Dans un monde idéal, Caufield se développera tel un Alex DeBrincat qui avait échappé au Canadien quand Bergevin avait échangé deux choix de deuxième ronde dans la transaction d’Andrew Shaw.

 

« Je joue de la même façon que DeBrincat, ce que je procure à une équipe, c’est de l’attaque et ma plus grande force demeure mon lancer. Je suis également un grand compétiteur et je déteste perdre », a rappelé Caufield qui reçoit souvent des conseils de son inspiration.

 

Une autre chose plaisante avec Caufield, c’est qu’il désire se tailler une place dans la LNH aussitôt que possible. Le projet de jouer quatre années avec l’équipe de l’Université du Wisconsin ne l’intéresse point. Tout dépendra, une fois de plus, de sa capacité à jouer contre des joueurs plus costauds.  

 

« Les gens ne vont pas arrêter de m’en parler, mais je n’ai qu’à continuer de prouver que je peux exceller malgré tout. Je l’ai fait durant toute ma vie.
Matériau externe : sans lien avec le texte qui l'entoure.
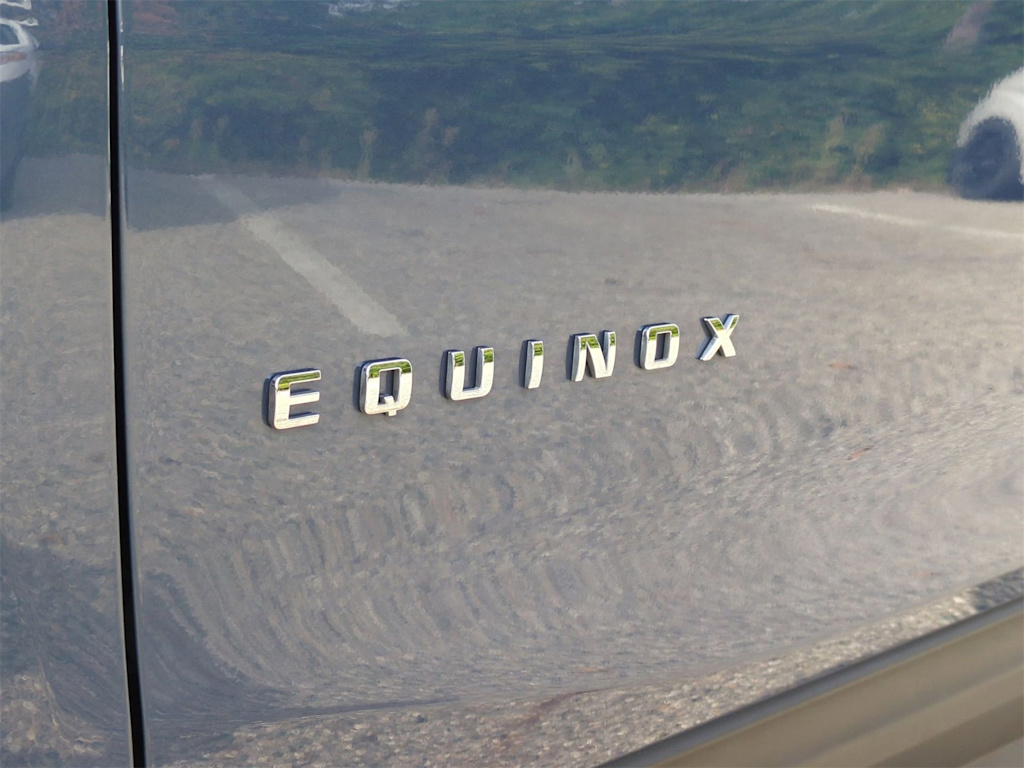 Thumbnail: 2024 Chevrolet Equinox - 25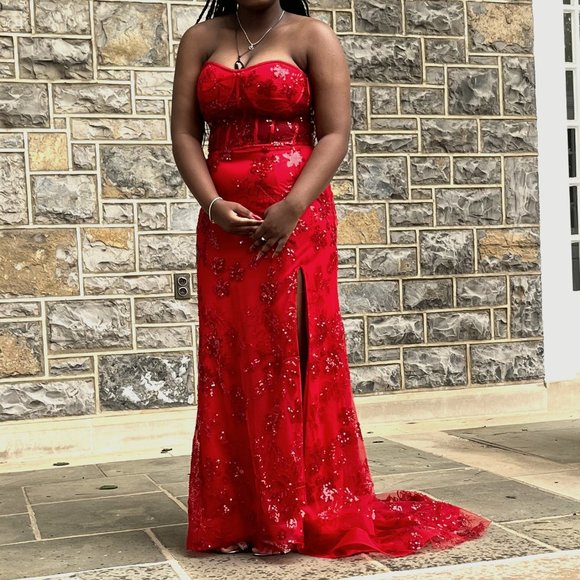 Colette, Size 10,  Candy Apple - Picture 8 of 8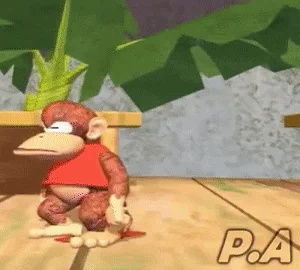 Funky Kong [el país de donkey Kong] (Español Latino / Latin Americ)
Ça ne m’a pas ralenti jusqu’à maintenant et je ne crois pas que ça arriver plus tard », a répondu Caufield.

 

« Hughes n'aurait pas eu toutes ses passes sans moi non plus »

Bergevin et Timmins ont aussi été charmés par la confiance de leur nouveau protégé. N’allez pas lui dire qu’il a connu du succès uniquement grâce à Jack Hughes. Il est convaincu qu’il peut rendre n’importe quel partenaire meilleur.

 

Selon une histoire que ses parents aiment bien raconter, il pleurait quand il avait deux ans et qu’il voyait son grand frère jouer au hockey. Éventuellement, il aura la chance de jouer au Centre Bell et son entraîneur entrevoit un feu d’artifice.

 

« Il va électriser la foule et le Centre Bell quand il va toucher la rondelle et compter des buts. Il va également se nourrir de cette énergie », a prédit Wroblewski.

 

Ce serait malhonnête de ne pas préciser que certains recruteurs de la LNH ne le considéraient pas comme un choix légitime de première ronde. Ils sont encore nombreux à douter de ses capacités et il est impatient de les faire mal paraître.